What do people do in the jungle?, one might ask. I believe the answer is that they work and rest and play and dream, just as they do in the city. I notice the folks I met spent a lot more time practicing what they preach rather than preaching what others should practice.

Today the weather broke out in warmth. I drove to our town library to pick up some things to read. As I read fairly quickly, I made a sizable dent in the book "Analog Days: The Invention and Impact of the Moog Synthesizer ". Mr. Moog developed the machine that altered music forever. He lived "off the cultural grid", a theremin salesman with only basic piano training and an education in engineering.
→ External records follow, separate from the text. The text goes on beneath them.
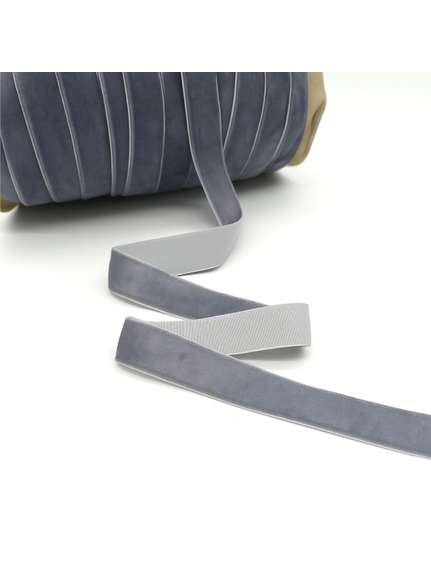Panglica catifea 20 mm – Gri (vanduta la metru liniar)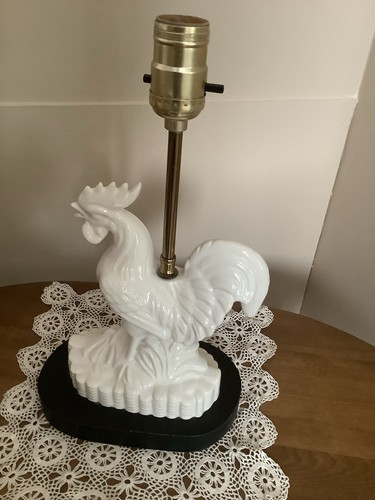 Vintage white glazed ceramic - white,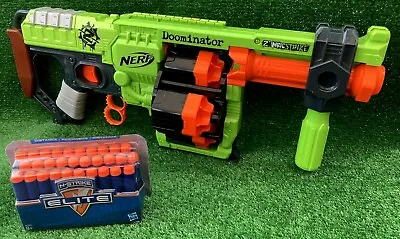Buy NERF Gun Green Zombiestrike DOOMINATOR 24 Barrel Rotating Revolver & 30 Darts • 14.99£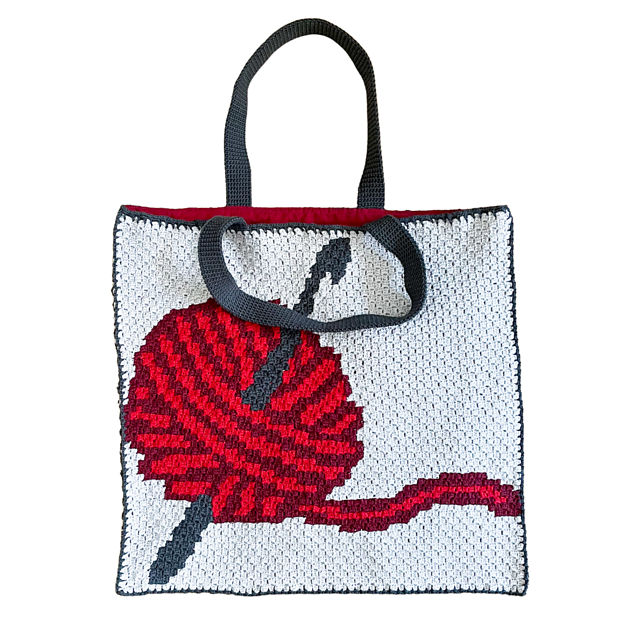 Yarn Project Bag Mini C2C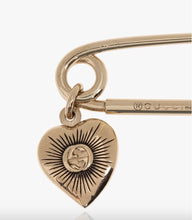 Load image into Gallery viewer, Gucci Single Safety Pin Earring with Heart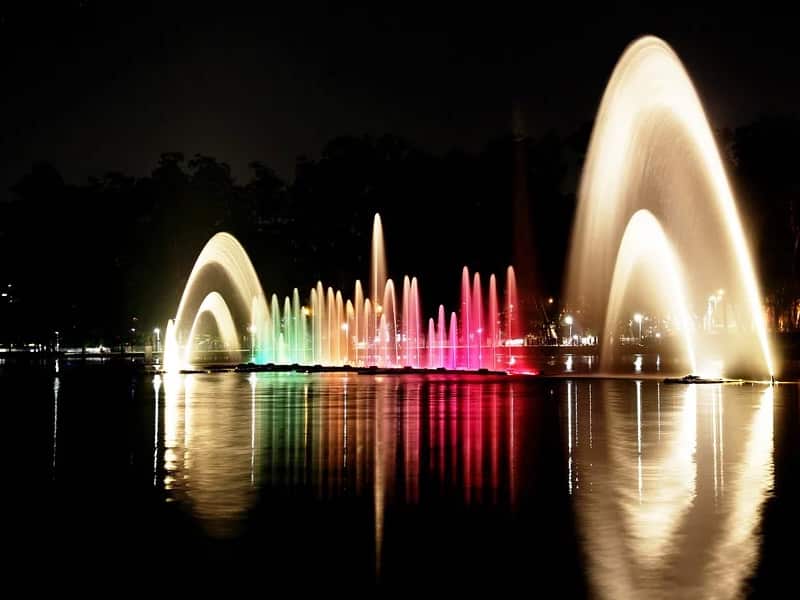 Show de luzes Ibirapuera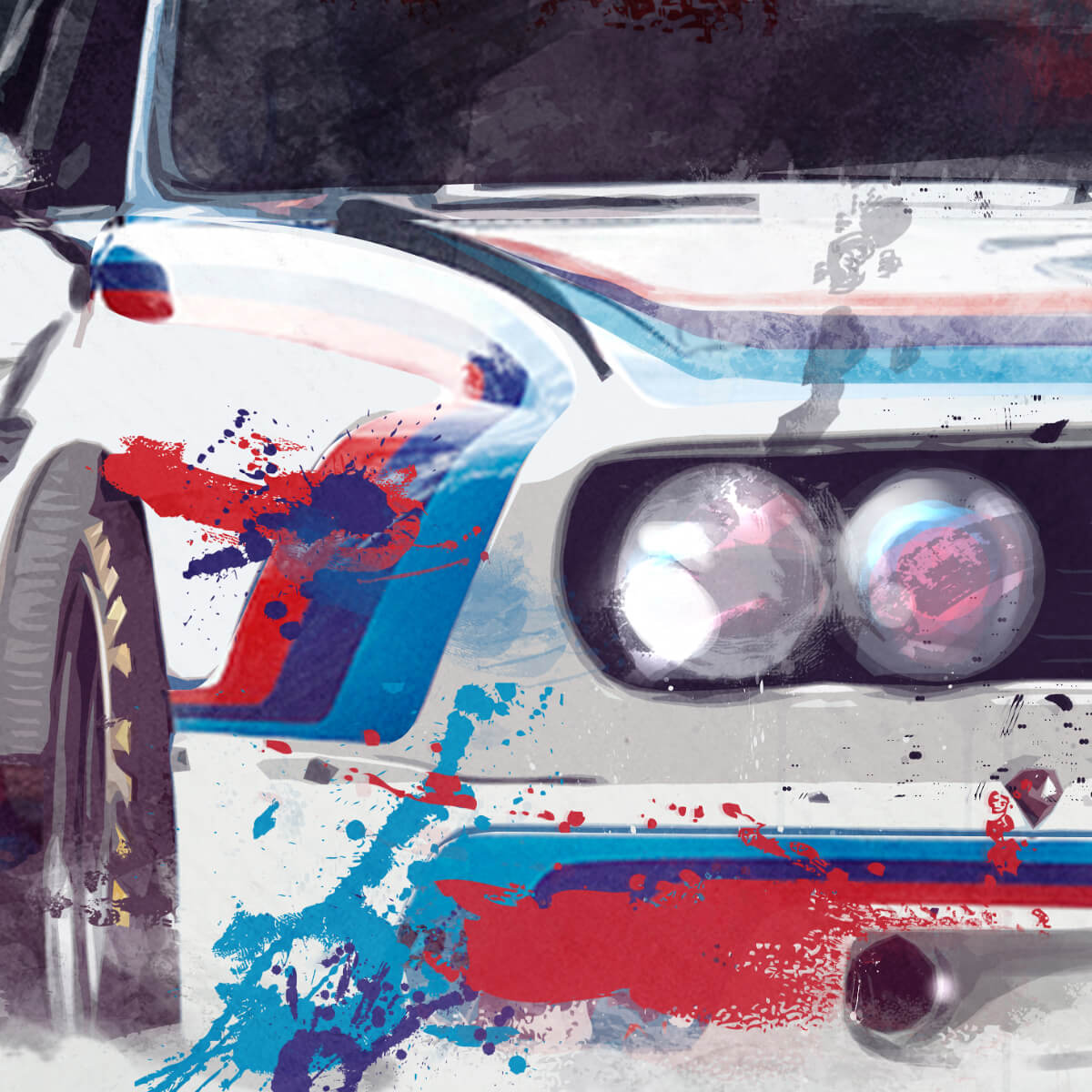 BMW 3.0 CSL Batmobile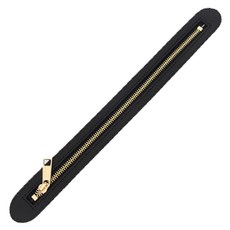 해피베어스 명품스타일 가죽 지퍼 36cm, 블랙, 1개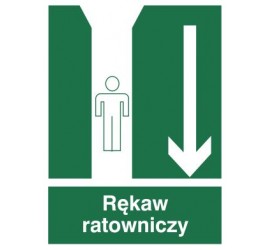 Znak rękaw ratowniczy (121)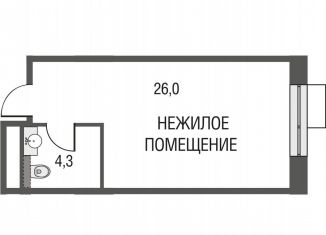 Продажа 1-комнатной квартиры, 30.4 м2, Москва, метро Электрозаводская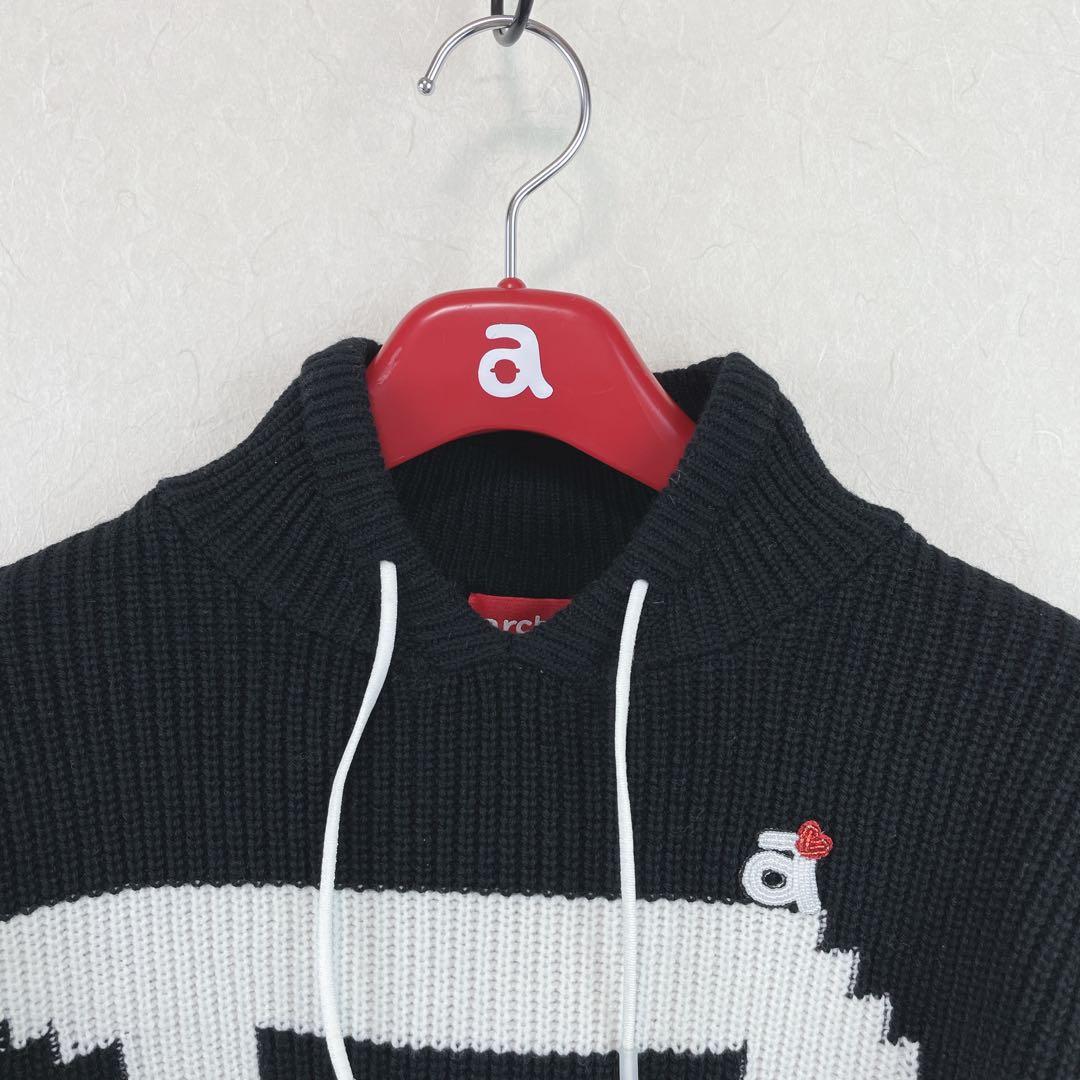 【新品未使用 アルチビオ】22FW新作ロゴ畦セーター38号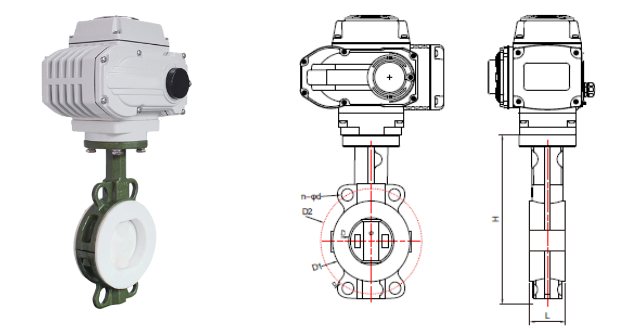 Soft Seal Butterfly Control Valve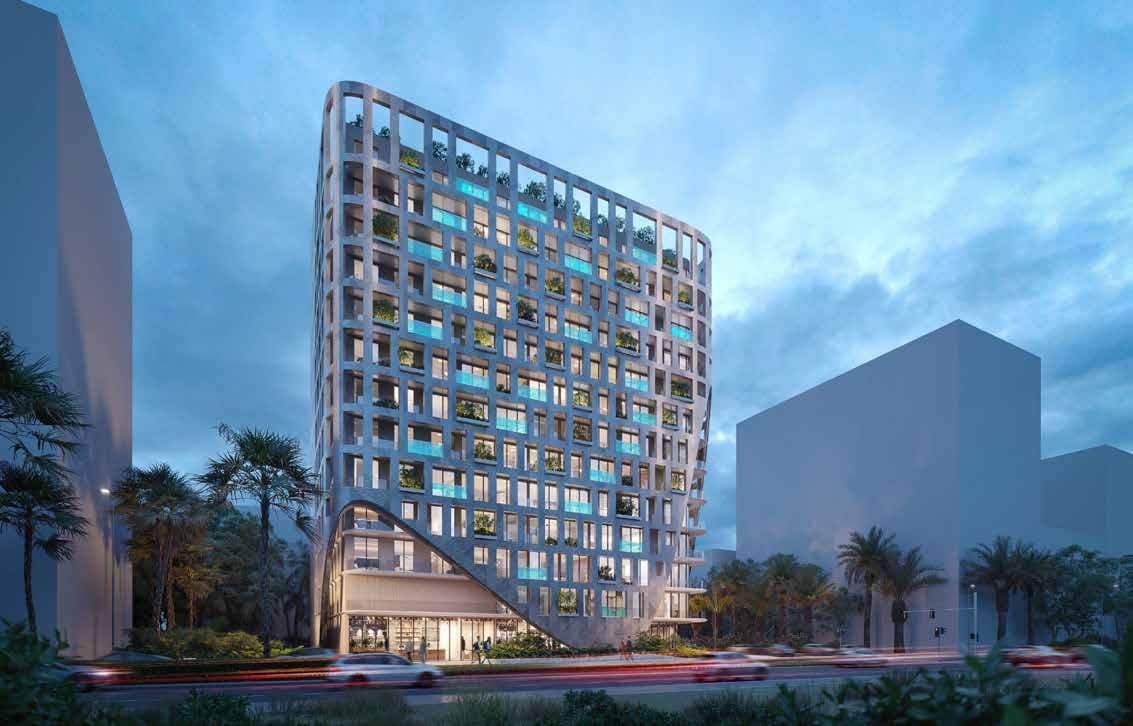 Sky Suites by Peace Homes Group, JVC (Jumeirah Village Circle). Render supplied by developer.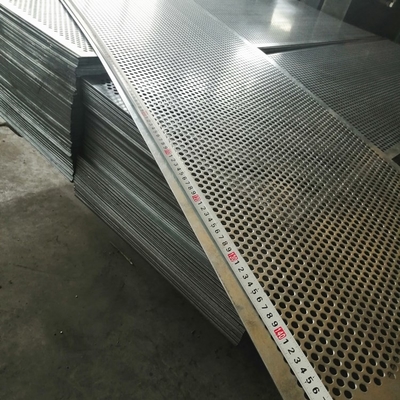 Thickness 0.5mm SS 304 Perforated SS Plate Perforated Metal Screen Sheet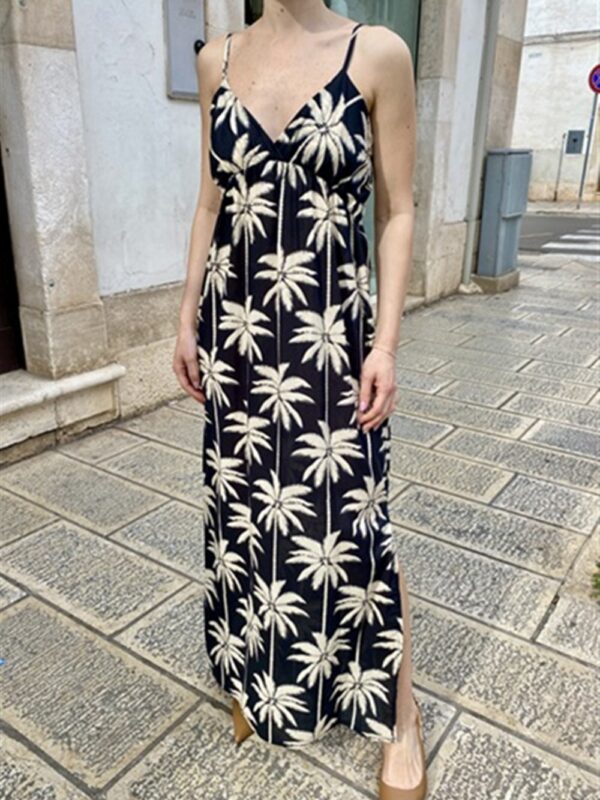 <p>
  Abito lungo stampa palme
</p>Dixie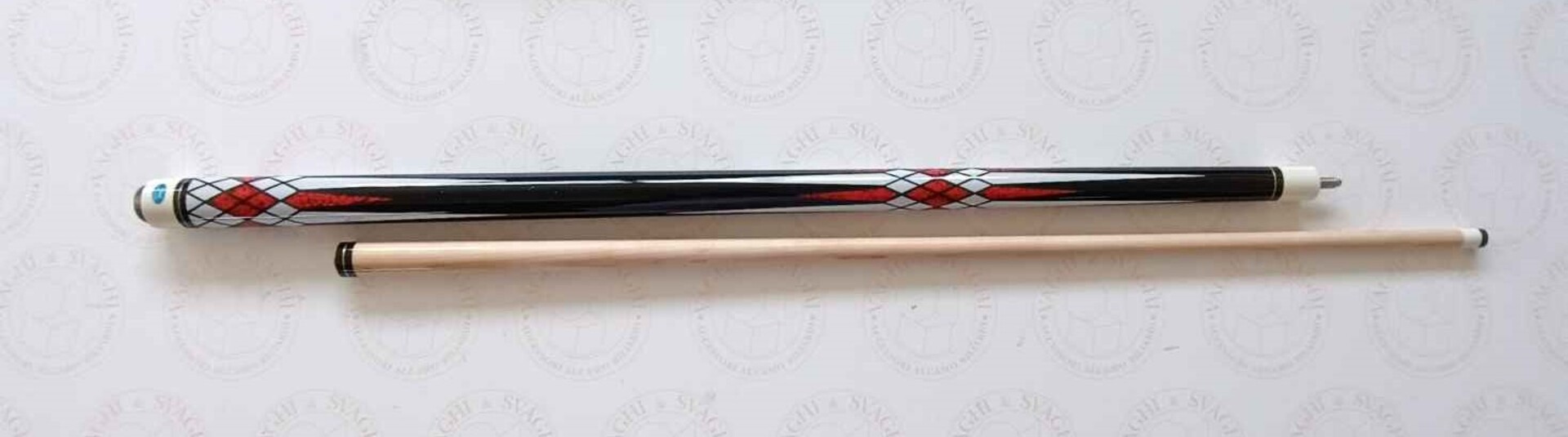 STECCA PER GIOCO POOL SHAROONSPORTS DIAMOND  SUPERMAN ROSSA 2 PZ.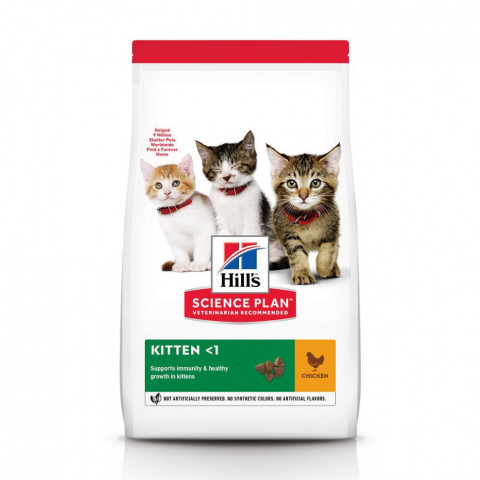 Сухой корм Hills Science Plan для котят для здорового роста и развития, с курицей - 300 г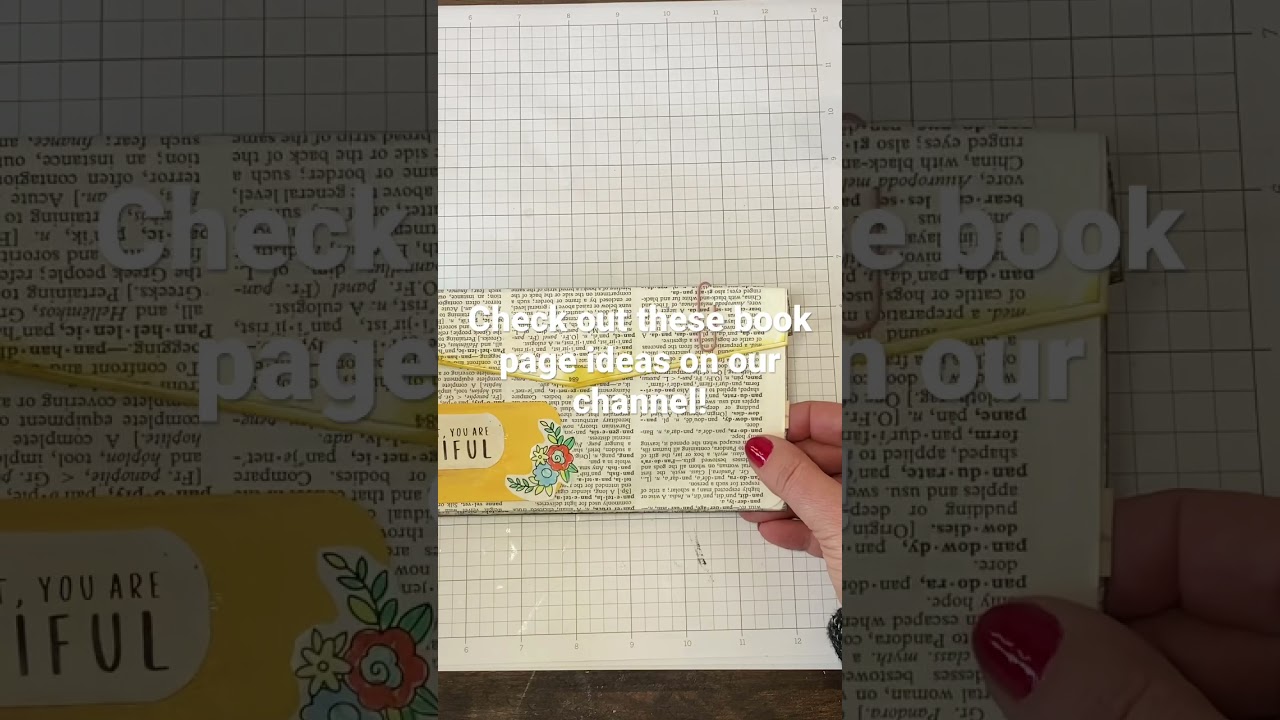 Book page envelope tutorials!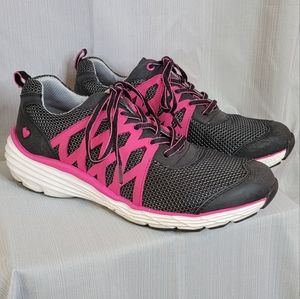 Nurse Mates Align Brin pink & black sneaker 9M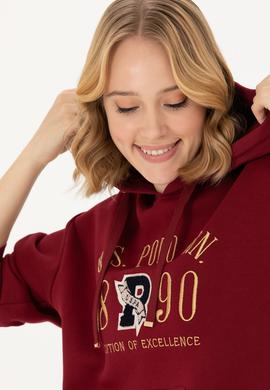Kadın Bordo Sweatshirt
He took a love for theremins, harnessed it to a knowledge about analog transisitors, and a few chance meetings with little-known avante-garden musicians. Soon he was one of a generation of people who solved problems never before solved about sound and music generation. In some ways, he went from being a novelty kit salesman--a radio bum, or a theremin bum, if you will. Then he
changed everything.

Thus, I'm not sure that science bums are bums at all. Someone must be in the rramparts where civilization and the jungle meet. I am pleased that Costa Rican and emigre scientists are in there watching over things as best they can, and learning all they can.
I trust in that kind of force for change more than folks who say much more and do much less.

My only regret, really, is that our prairies, our woodlands, and our
buttes and plains lack the toucans and coatis necessary to lure more folks to fight this same fight in our neglected places.